GOAL OF THE EXERCISE: Although the records contain pictures, only their text should be set down, exactly as written.

——

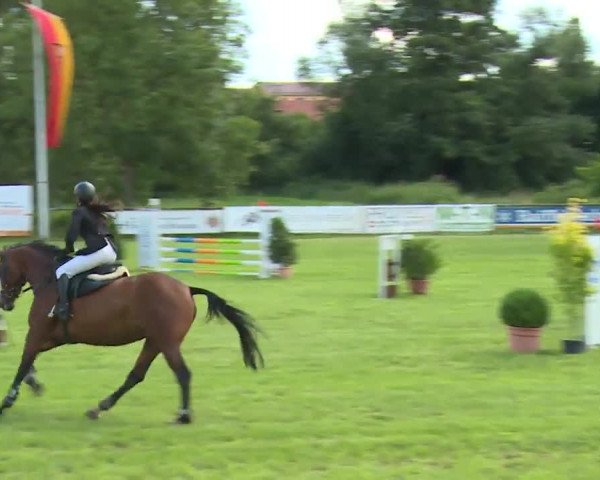 Reitturnier Hahnbach/Opf. 2020
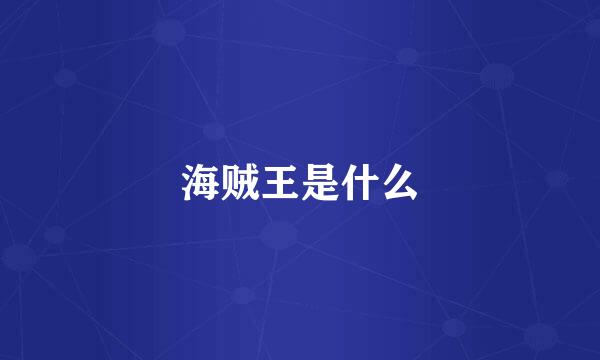 海贼王是什么
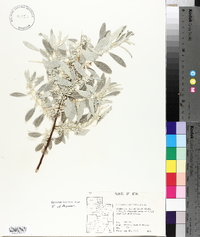 Elaeagnus angustifolia image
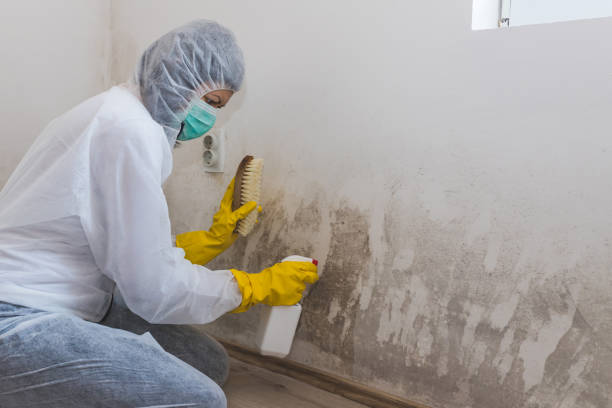 Best Black Mold Remediation in Elm City, NC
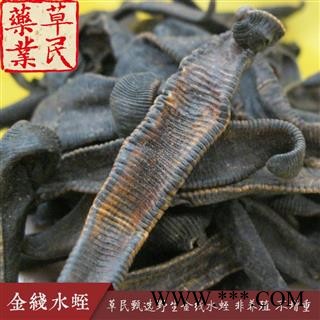 草民甄选金线水蛭 清水吊干货 非养殖 不增重 专业批发量大从优图3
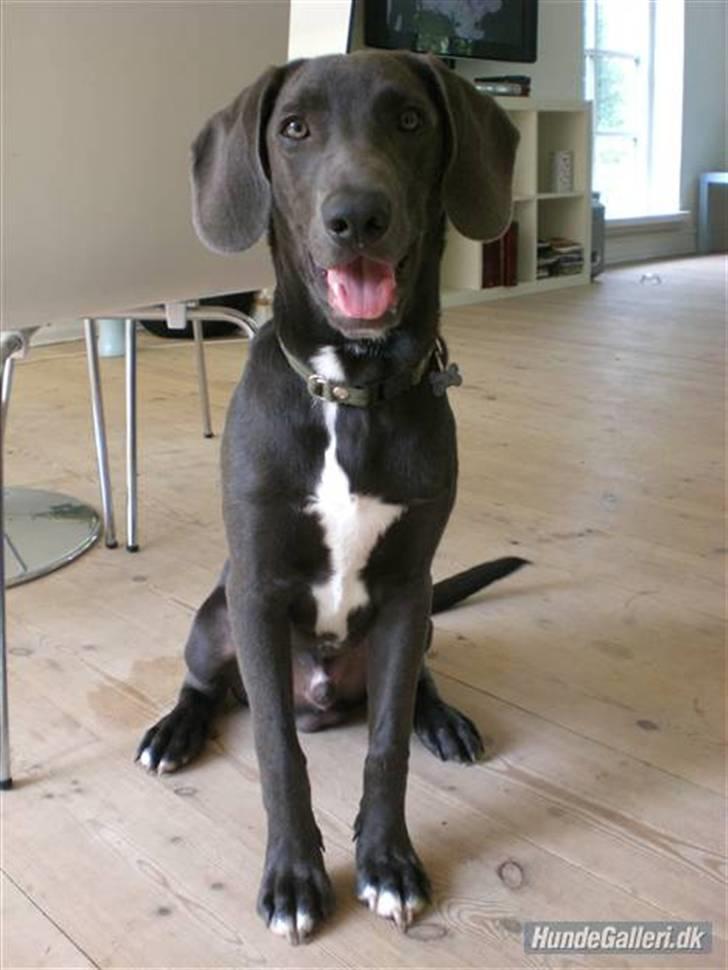 Blanding af racer Pepsi - 1.dag i mit nye hjem. Jeg prøver at blende ind med sofaen!! billede 1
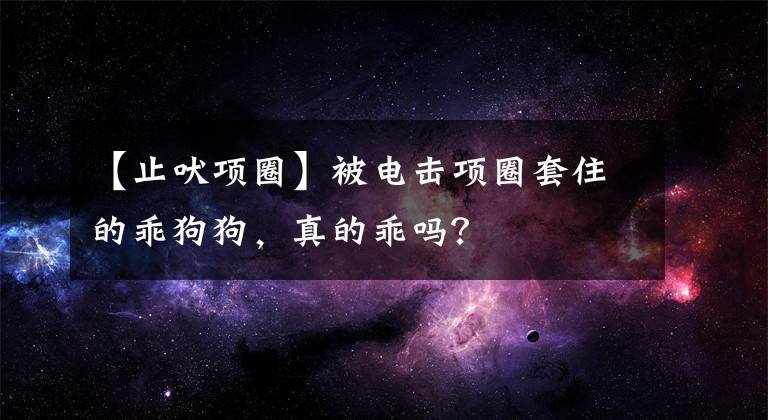 【止吠項圈】被電擊項圈套住的乖狗狗，真的乖嗎？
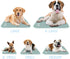 The Green Pet Shop Cool Pet Pad, Extra Small Sage Grey, Self-Cooling Mat for Dogs & Cats up to 8 lbs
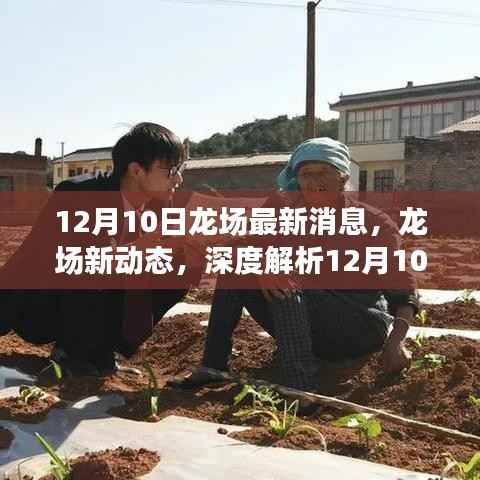 深度解析,龙场最新动态与消息速递(12月10日更新)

——

WRITTEN ANSWER:
 Reitturnier Hahnbach/Opf. 2020
 海贼王是什么
 Elaeagnus angustifolia image
 Best Black Mold Remediation in Elm City, NC
 草民甄选金线水蛭 清水吊干货 非养殖 不增重 专业批发量大从优图3
 Blanding af racer Pepsi - 1.dag i mit nye hjem. Jeg prøver at blende ind med sofaen!! billede 1
 【止吠項圈】被電擊項圈套住的乖狗狗，真的乖嗎？
 The Green Pet Shop Cool Pet Pad, Extra Small Sage Grey, Self-Cooling Mat for Dogs & Cats up to 8 lbs
 深度解析,龙场最新动态与消息速递(12月10日更新)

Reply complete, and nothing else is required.